Ever since the internet went mainstream in the 1990s people wondered about how it would affect democratic politics. In seeking an answer to the question, we made the mistake that people have traditionally made when thinking about new communications technology: we overestimated the short-term impacts while grievously underestimating the longer-term ones. The first-order effects appeared in 2004 when Howard Dean, then governor of Vermont, entered the Democratic primaries to seek the party’s nomination for president. What made his campaign distinctive was that he used the internet for fundraising. Instead of the traditional method of tapping wealthy donors, Dean and his online guru, Larry Biddle, turned to the internet and raised about $50m, mostly in the form of small individual donations from 350,000 supporters. By the standards of the time, it was an eye-opening achievement. In the event, Dean’s campaign imploded when he made an over-excited speech after coming third in the Iowa caucuses – the so-called “Dean scream” which, according to the conventional wisdom of the day, showed that he was too unstable a character to be commander-in-chief. Looked at in the light of the Trump campaign, this is truly weird, for compared with the current Republican candidate, Dean looks like a combination of Spinoza and St Francis of Assisi.
But the lessons of Dean’s approach to fundraising were not lost on later contenders, particularly Barack Obama, who put together a team of tech whizzes drawn from the big internet companies and deployed all the black arts of surveillance capitalism to target voters, motivate supporters and get out the vote – on two occasions, 2008 and 2012.
These initiatives were first-order effects because they were predictable: they merely harnessed the obvious affordances of online technology – the ability to communicate efficiently with a large number of people, solicit and process donations, disseminate campaign messages and so on. They changed the way campaigns were conducted but they did not change the nature of politics.

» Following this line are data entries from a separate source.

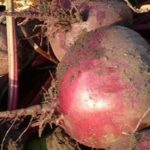 Най-популярните сортове ранно цвекло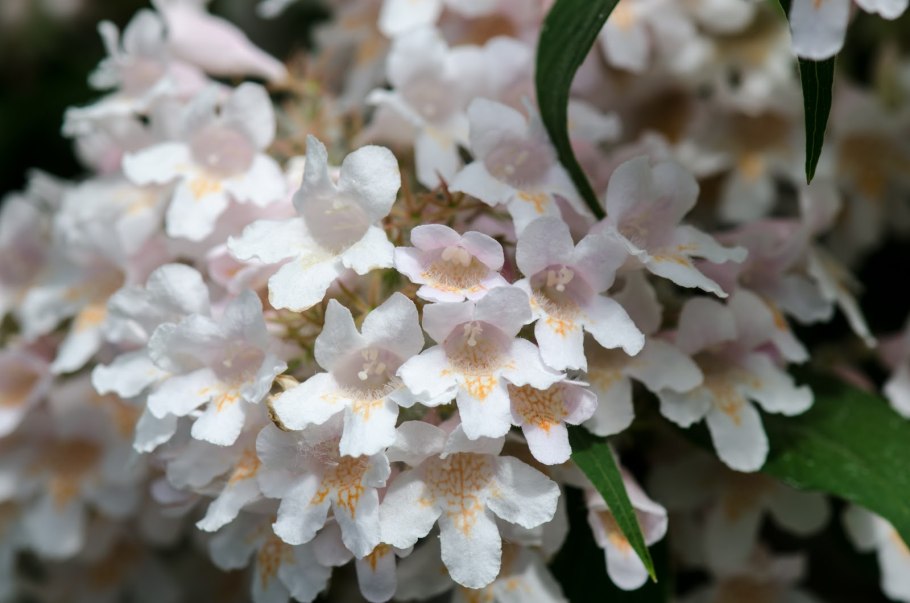 Небесные розы 3д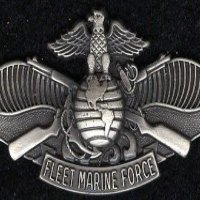 Fleet Marine Force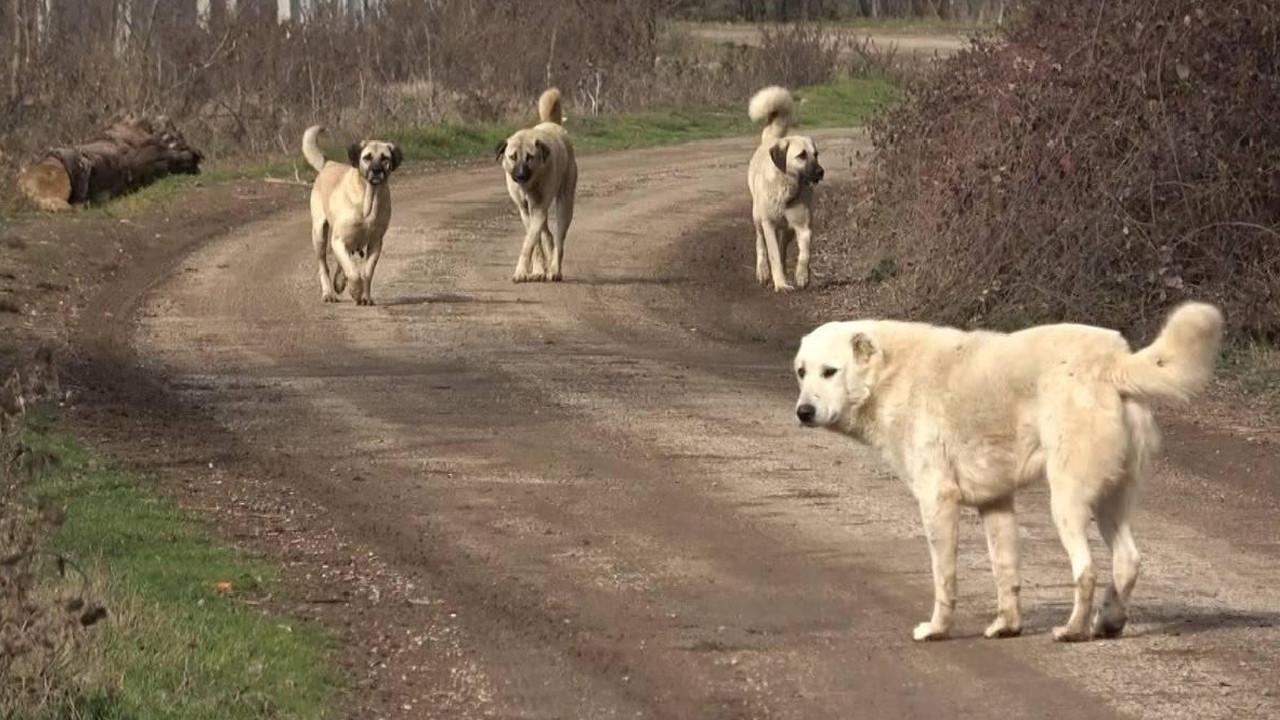 Başıboş köpeklerin saldırısına uğrayan genç yaralandı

The second-order effects of the internet – the technology’s ability to mobilise and coordinate large-scale collective action – were first seen in late 2010 when the Arab Spring kicked off. As Helen Margetts of the Oxford Internet Institute and her colleagues argue in their book Political Turbulence: How Social Media Shape Collective Action, the internet did what it had done in every area of commercial life, namely lower the transaction costs of doing something – in this case engaging in political activity. This is creating, Margetts and her colleagues argue, a new kind of “turbulent”, fast-moving, unpredictable politics.